How do you identify sex-trafficking victims when such cases go largely undetected or unreported?*
It’s an issue with which law-enforcement agencies in the U.S. continually struggle. Detective Bill Woolf with the Northern Virginia Human Trafficking Task Force has experienced this first hand. Over the course of his tenure, he’s interviewed over 300 victims. In many cases, those who have been exploited believe that they are offenders, Woolf told me. “They fear law enforcement…because they’re technically committing a crime and that is prostitution,” he said.
The Department of Homeland Security defines human trafficking as a “modern-day form of slavery involving the illegal trade of people for exploitation or commercial gain.” In 2012, the International Labor Organization estimated that there are 20.9 million human trafficking victims worldwide. According to the United Nations Office on Drugs and Crime, sexual exploitation is the most commonly identified form ahead of forced labor. Numbers released by the National Human Trafficking Resource Center suggest that also holds true in the U.S., where more than 4,000 cases of sex trafficking were reported. And as a whole human trafficking is a lucrative industry that around the globe rakes in $150 billion.

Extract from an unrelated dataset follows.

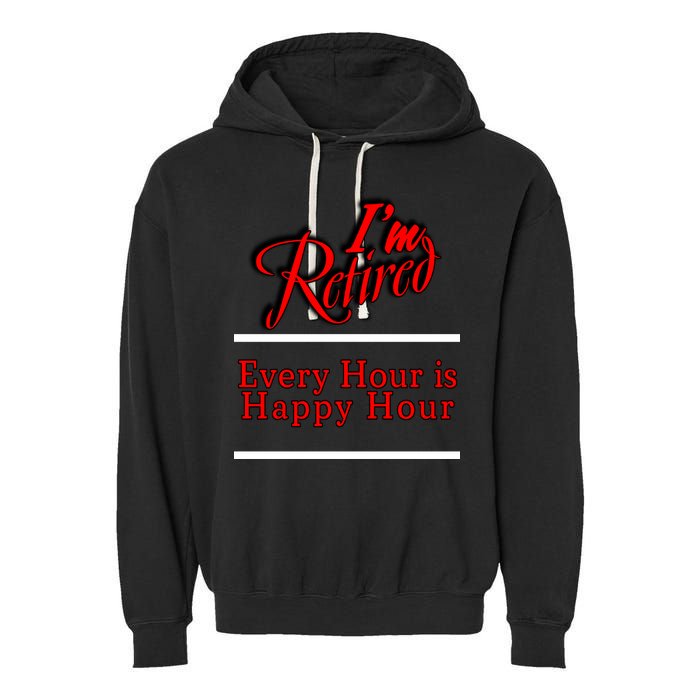 I'm Retired Every Hour Is Happy Hour Funny Garment-Dyed Fleece Hoodie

But it’s unclear whether the numbers are an accurate representation of the problem, because many cases aren’t reported, according to Monique Villa, the CEO of the Thomson Reuters Foundation, which works to combat human trafficking. “The problem with human trafficking is that of course the victims are silenced,” Villa said. “We don’t have good data about it. You don’t know how many slaves there are around the world.” Traffickers also play into the narrative by telling victims, who are exploited for sex, that they are offenders, threatening to call the police and report them for prostitution if they push back. This makes sex trafficking particularly challenging because victims might be fearful of going to law enforcement and being charged with a crime.